Gorzowianie ostatnio są w świetnej formie, co udowodnili w meczu z Piastem Żmigród. Co prawda, podopieczni Tomasza Jeża nie zanotowali bardzo wysokiego zwycięstwa, ale ich gra napawała optymizmem. Niebiesko-biali pokonali gości ze Żmigrodu 2:1. Dla gorzowian trafiali Paweł Posmyk (był to jego siedemnasty gol w sezonie) i Patryk Nowaczewski. Gola honorowego dla gości zdobył Mateusz Olikiewicz. Stilon, dzięki zdobyciu kolejnego kompletu punktów, wciąż ma szanse na udział w barażach o II ligę. Zespół prowadzony przez Tomasza Jeża wciąż jednak traci do Ślęzy Wrocław cztery „oczka”. Nadzieje trzeba pokładać w rezerwach Zagłębia Lubin i w Formacji Port 2000. Jeżeli podopieczni Grzegorza Kowalskiego nie zgubią punktów w meczach z tymi rywalami, to niestety o awansie będziemy mogli zapomnieć.
W kadrze gorzowskiego zespołu na najbliższy mecz zabraknie najprawdopodobniej paru zawodników. Do Prochowic nie pojedzie na pewno Łukasz Maliszewski, którego czeka pauza za nadmiar żółtych kartek. Bardzo możliwe, że z powodu kontuzji zabraknie także Bartosza Werbskiego, Roberta Kozioły, Patryka Bila, czy też Mateusza Trachimowicza.
Prochowiczanka to zespół, który w ubiegłym sezonie zajął rewelacyjne, czwarte miejsce w III lidze dolnośląsko-lubuskiej. Od tamtego czasu zespół nieco się zmienił, ale nikt nie spodziewał się, że prochowiczanie będą na parę kolejek przed końcem sezonu już pewni degradacji do niższej klasy rozgrywkowej. Zielono-biało-czerwoni w dotychczasowych 31 meczach zgromadzili na swoim koncie zaledwie 19 punktów. Podopieczni Jarosława Pedryca dotychczas czterokrotnie wygrywali, siedmiokrotnie remisowali, a w pozostałych 20 meczach zanotowali porażki. Bilans bramkowy prochowiczan na ten moment, to 40-89 (najwięcej straconych bramek w całej lidze). Na tę chwilę Prochowiczanka zajmuje przedostatnią – czyli siedemnastą – pozycję w tabeli. W ostatniej kolejce podopieczni Jarosława Pedryca powalczyli na wyjeździe z Foto-Higieną Gać. Ostatecznie przegrali oni ze swoim rywalem 2:4. Dla prochowiczan z rzutów karnych trafiał dwukrotnie Marek Dudka. Najskuteczniejszym strzelcem najbliższego rywala Stilonu jest Tomasz Azikiewicz, który jak dotąd na listę strzelców wpisywał się czternaście razy.

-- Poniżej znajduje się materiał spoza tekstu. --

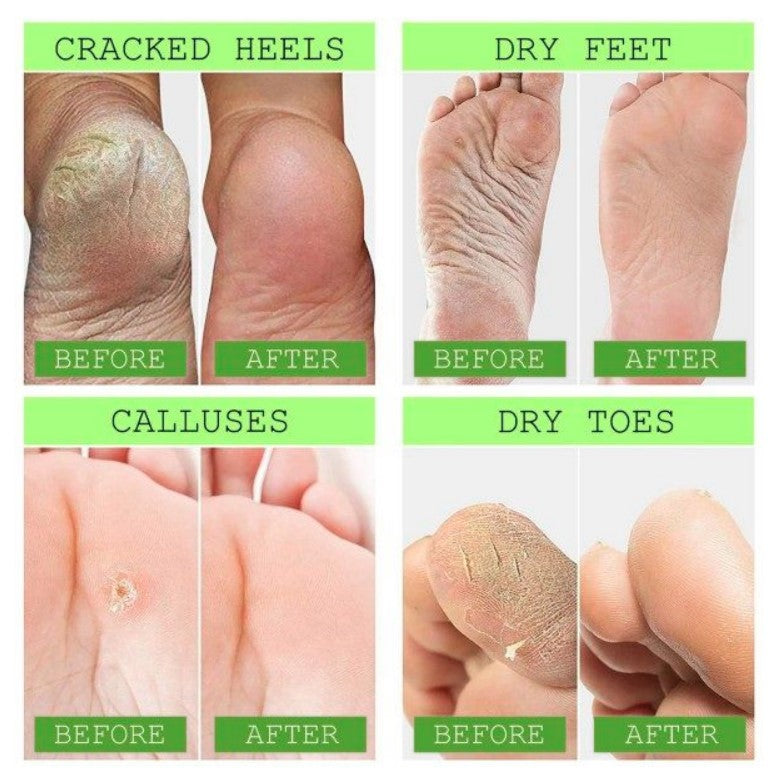 AC High Quality Foot Repair & Fungal Elimination Cream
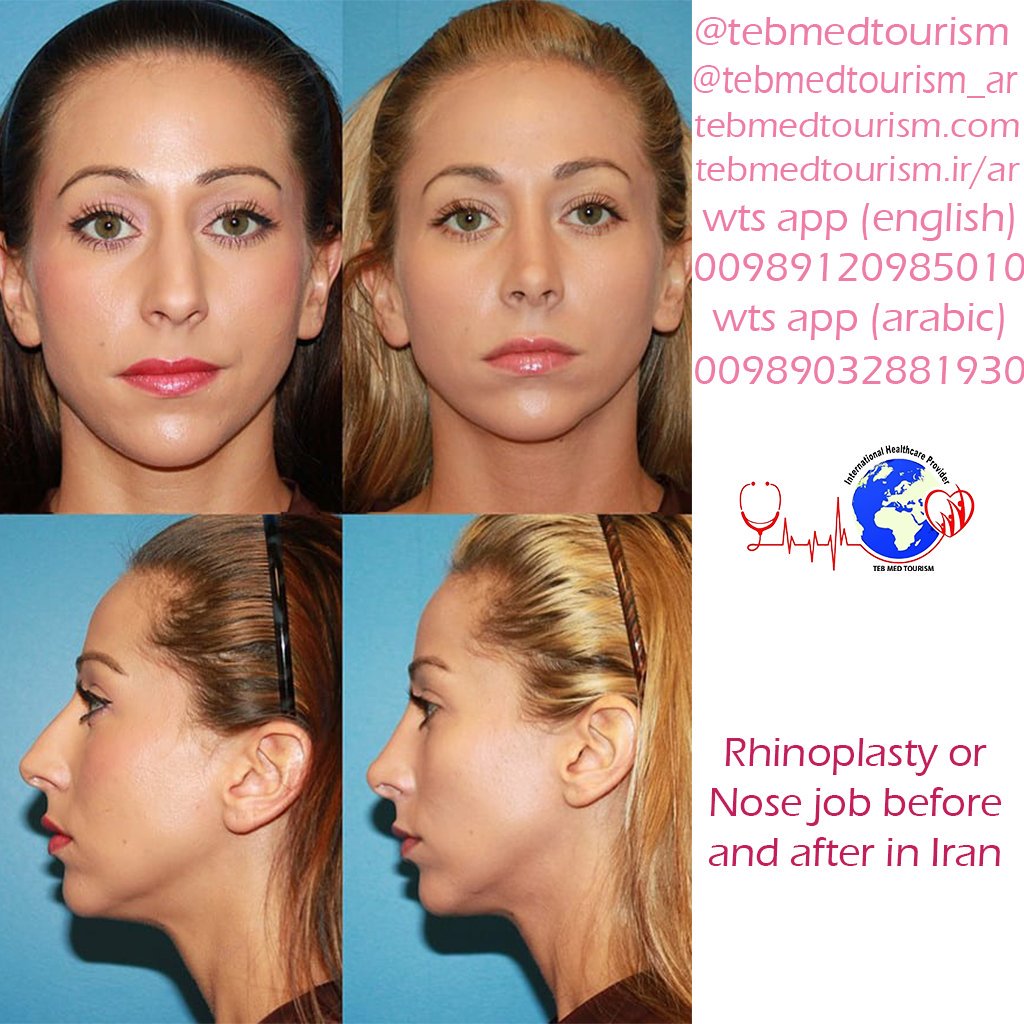 TebMedTourism's tweet photo. Examples of Rhinoplasty in Iran😍
#rhinoplasty #rhinoplasty_in_iran #rhinoplasty_cost_in_iran #rhinoplasty_or_nose_job #nose_job #nose_job_in_iran #nose_job_cost #nose_job_risks #rhinoplasty_risks #Iran_medical_tours #medical_tourism #medical_tourism_in_iran #travel_to_iran https://t.co/d5QY6G0cWA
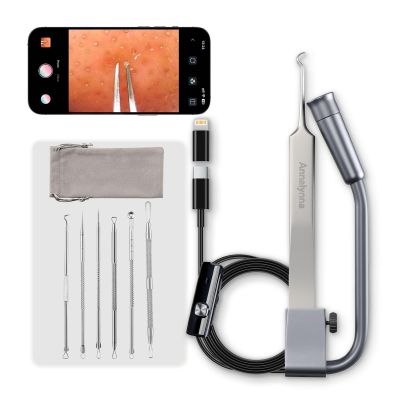 Luma 1 Visual Blackhead Remover Tweezers with Camera - Pimple Popper Tool with Camera 20x Magnification, 1080P, 8 LED Lights, with Blackhead Remover Pimple Popper Tool Kit (6 Piece Kit),Gray Blue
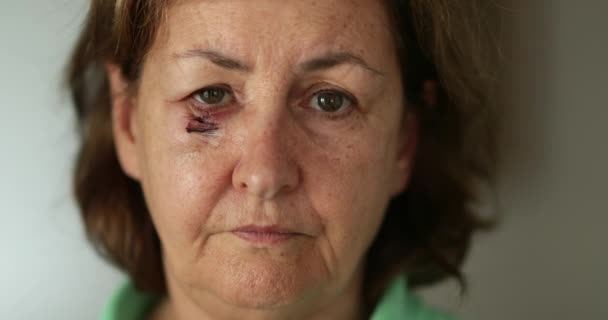 Ältere Frau Mit Verprügeltem Gesicht Und Narbe Schüttelt Missbilligend Den — Stockvideo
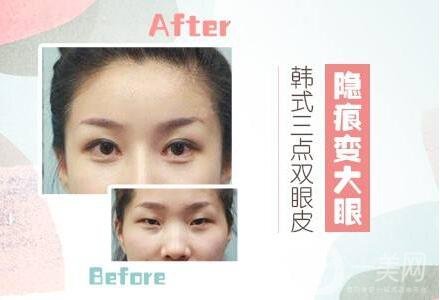 三點雙眼皮能維持幾年?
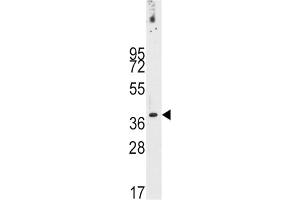 Western Blotting (WB) image for anti-Pancreatic and Duodenal Homeobox 1 (PDX1) antibody (ABIN3001419) (PDX1 anticorps)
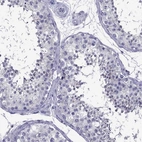Immunohistochemical staining of human testis shows high expression.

Stilon mierzył się z prochowiczanami raz w historii i chodzi tu o pojedynek z rundy jesiennej tego sezonu. Podopieczni Tomasza Jeża nie mieli litości dla zielono-biało-czerwonych i wygrali z nimi, aż 6:1. Dla gorzowian trafiali Rafał Świtaj (dwukrotnie), Łukasz Maliszewski i Kordian Ziajka (hat-trick), a strzelić mógł jeszcze Robert Kozioła, który jednak nie wykorzystał rzutu karnego. Gola honorowego dla przyjezdnych zdobył Krzysztof Wojciechowski. O tym, czy niebiesko-biali zdołają znowu tak wysoko wygrać, przekonamy się już wkrótce.
Do potyczki między tymi zespołami dojdzie już w najbliższą sobotę, 24 maja, na Stadionie Miejskim w Prochowicach. Pierwszy gwizdek sędziego został zaplanowany na godzinę 17.